By Prentice Mulford (1886).
Our unseen and unspoken thought is ever flowing from us an element and force, as real as the stream of water we can see, or the current of electricity we cannot see. It combines with the thought of others, and out of such combinations new qualities of thought are formed, as in the combination of chemicals new substances are formed.
If you send from you in thought the elements of worry, fret, hatred, or grief, you are putting in action forces injurious to your mind and body. The power to forget implies the power of driving away the unpleasant and hurtful thought or element, and bringing in its place the profitable element, to build up instead of tearing us down.
The character of thought we think or put out affects our business favorably or unfavorably. It influences others for or against us. It is an element felt pleasantly or unpleasantly by others, inspiring them with confidence or distrust.
The prevailing state of mind, or character of thought, shapes the body and features. It makes us ugly or pleasing, attractive or repulsive to others. Our thought shapes our gestures, our mannerism, our walk. The least movement of muscle has a mood of mind, a thought, behind it. A mind always determined has always a determined walk. A mind always weak, shifting, vacillating, and uncertain, makes a shuffling, shambling, uncertain gait. The spirit of determination braces every muscle. It is the thought‑element of determination filling every muscle.

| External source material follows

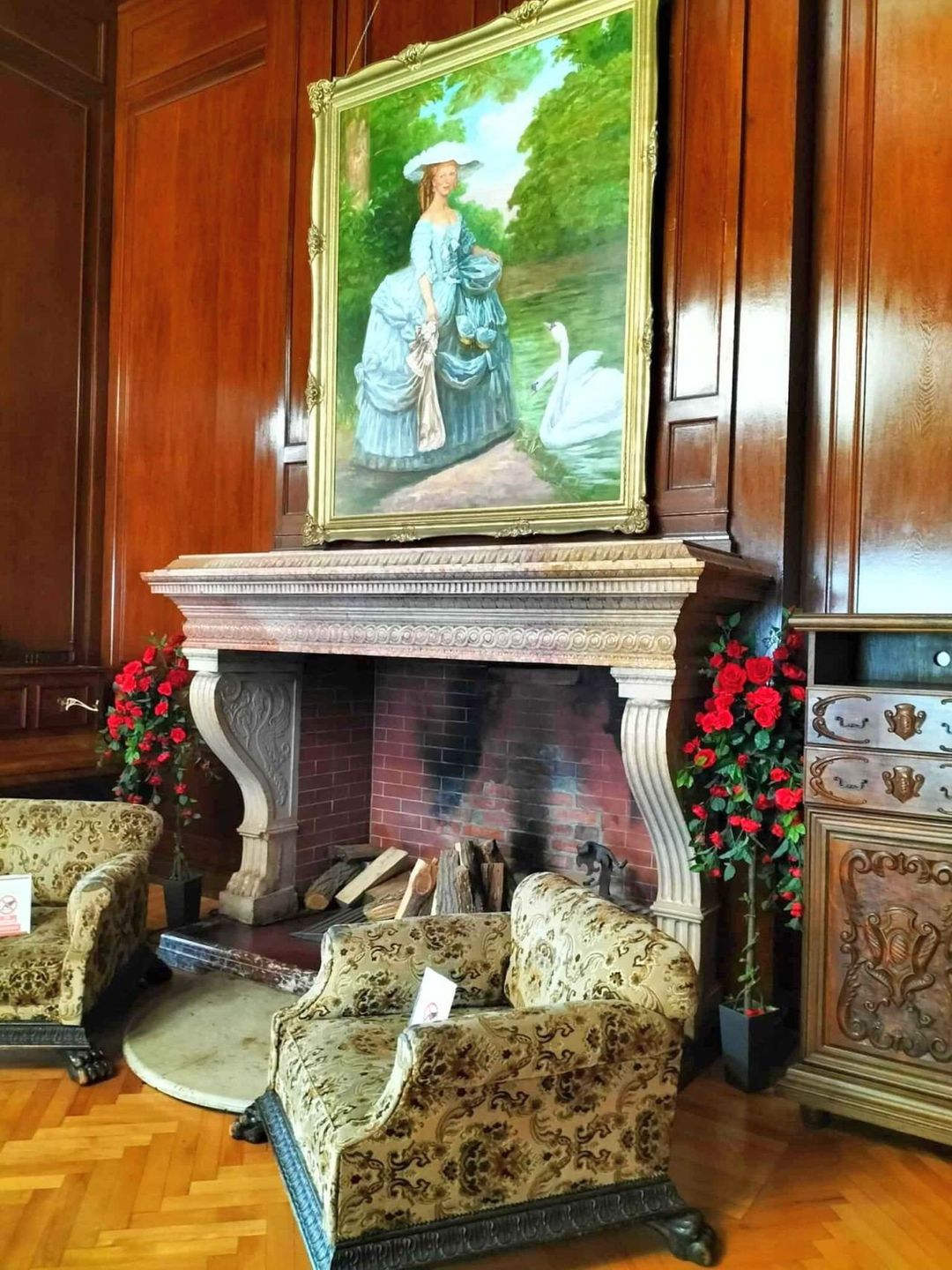 Portret w złoconej ramie zawieszony nad kominkiem tworzy niezwykłą atmosferę dawnej rezydencji. To połączenie sztuki i architektury sprawia, że wnętrze nabiera królewskiego charakteru i elegancji.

Look at the discontented, gloomy, melancholy, and ill‑tempered men or women, and you see in their faces proofs of the action of this silent force of their unpleasant thought, cutting, carving, and shaping them to their present expression. Such people are never in good health, for that force acts on them as poison, and creates some form of disease.
A persistent thought of determination on a purpose, especially if such purpose be of benefit to others as well as ourselves, will fill every nerve with strength. It is a wise selfishness that works to benefit others along with ourselves. Because in spirit, and in actual element, we are all united. We are forces which act and re‑act on each other, for good or ill, through what ignorantly we call “empty space.”
There are unseen nerves extending from man to man, from being to being. Every form of life is in this sense connected together. We are all “members of one body.” An evil thought or act is a pulsation of pain thrilling through myriads of organizations. The kindly thought and act have for pleasure the same effect. It is, then, a law of nature and of science, that we cannot do a real good to another without doing one also to ourselves.